Lorenzo é espanhol, tem 28 anos e é companheiro de equipa de Rossi na Movistar Yamaha. Acaba esse Grande Prémio na segunda posição e Márquez impede-o de colher cinco pontos na luta pelo título do MotoGP. “Se de facto o quisesse ajudar não o teria ultrapassado na última volta e ido ao limite, corrido aquele risco”, justifica Marc, algo incrédulo com o queixume de Rossi. Nesta altura, com duas corridas por realizar, o campeonato estava assim: Rossi em primeiro (299 pontos), Lorenzo em segundo (290) e Márquez em terceiro (222). Só um espanhol podia chegar ao título e impedir que Valentino Rossi conquistasse o seu décimo.
Malásia, onde o caldo entornou
O MotoGP chegou à Malásia quente, quase a escaldar como o forno que cozinha uns biscoitos.
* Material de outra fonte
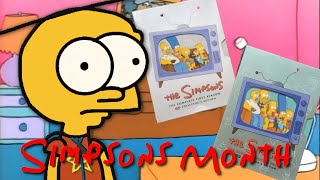 Looking Back at the First 2 Seasons of The Simpsons
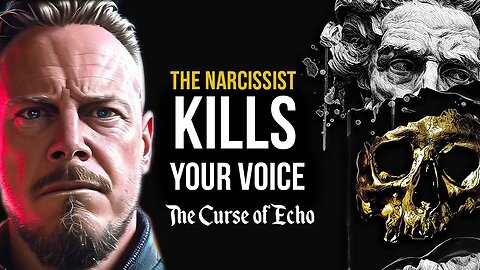 How The Narcissist Kills Your Voice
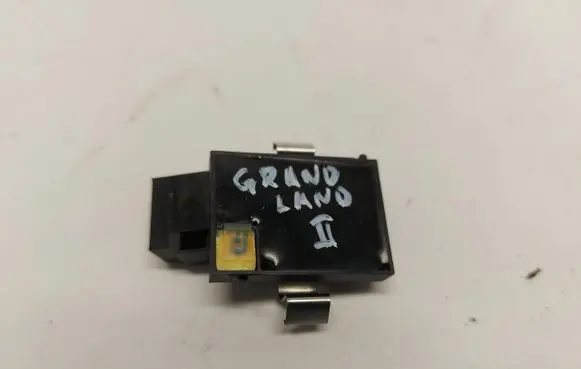Opel Grandland X Sun solar sensor 9845006780JLK01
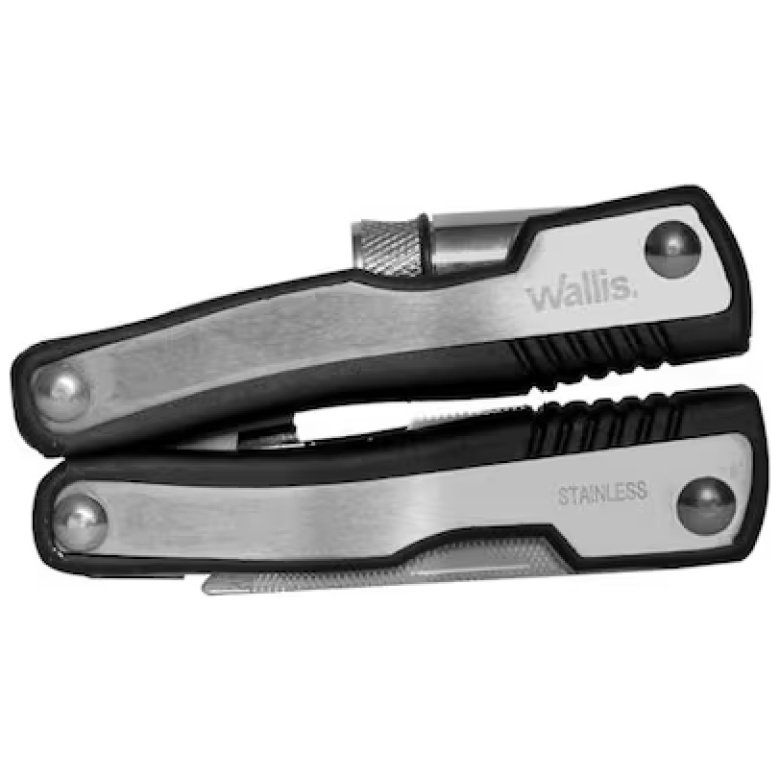 MULTIHERRAMIENTA CON 11 USOS, 8.5 CM CERRADA. - Imagen 2
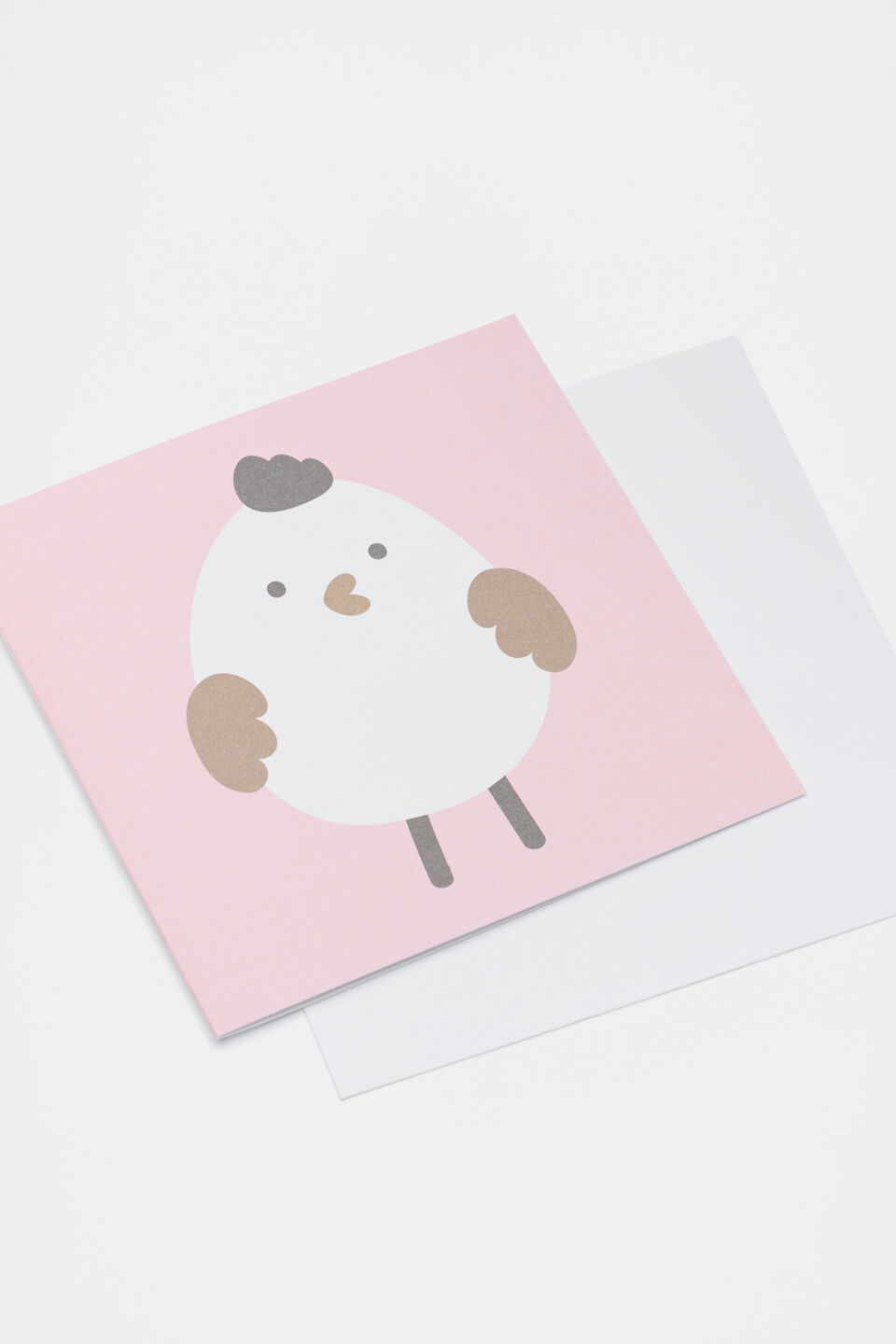 Chick Card  Multi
A corrida era das decisivas e outra vez se viu Marc Márquez colado a Valentino Rossi. O espanhol e o italiano aceleravam pelo terceiro lugar enquanto Jorge Lorenzo já ia longe, a liderar a corrida e com Dani Pedrosa a fazer-lhe sombra. Até que na 13.ª curva da sexta volta à pista Márquez ultrapassa Rossi por dentro. O italiano devolve a gentileza na curva seguinte e, empurrando o espanhol para uma trajetória mais larga, travando a mota e obrigado Márquez a abrandar também.
É aí que a Honda do espanhol cai e o tira da corrida. Fica a sensação que Valentino lhe dá um pontapé. “É claro nas filmagens do helicóptero que não o queria fazer cair. Apenas queria fazê-lo perder tempo, ir por fora da linha e abrandar”, argumentou, ao justificar que o espanhol estava a “fazer um jogo ainda mais sujo do que fizera na Austrália”. Quanto ao pontapé, o Doutor italiano explicou que “o guiador esquerdo da mota de Márquez tocou no apoio de pé” da mota de Rossi, que “fez escorregar a perna”.
O transalpino que sempre correu com o número 46 chega a dizer que um pontapé “não chega para derrubar uma mota do MotoGP”, mas a organização não quer saber — retira-lhe três pontos da classificação e aplica-lhe um castigo. Valentino Rossi fica a saber que partirá no último lugar da grelha no Grande Prémio de Valência, derradeira corrida da época. Com a polémica e o castigo a tabela ficou assim: Rossi com 312 pontos, Lorenzo nos 305 e Márquez com os mesmos 222.
Valência, onde o biscottone apareceu
Jorge Lorenzo agarrou-se à pole position e dificultou a vida a Valentino Rossi, que mesmo assim bem fez pela vida. Antes da corrida não há vivalma em Espanha que não fale da polémica que embrulha a corrida. Até a avó de Marc Márquez diz o que pensa aos jornais — “Eram grandes amigos [o espanhol e o italiano], não entendo porque lhe fez aquele truque sujo. O meu neto tinha Rossi como um Deus” — e a imprensa italiana até chega a noticiar que existe um pacto entre Marc e Lorenzo para que seja um espanhol a vencer o título, que é como quem diz, para não ser Rossi a ganhá-lo.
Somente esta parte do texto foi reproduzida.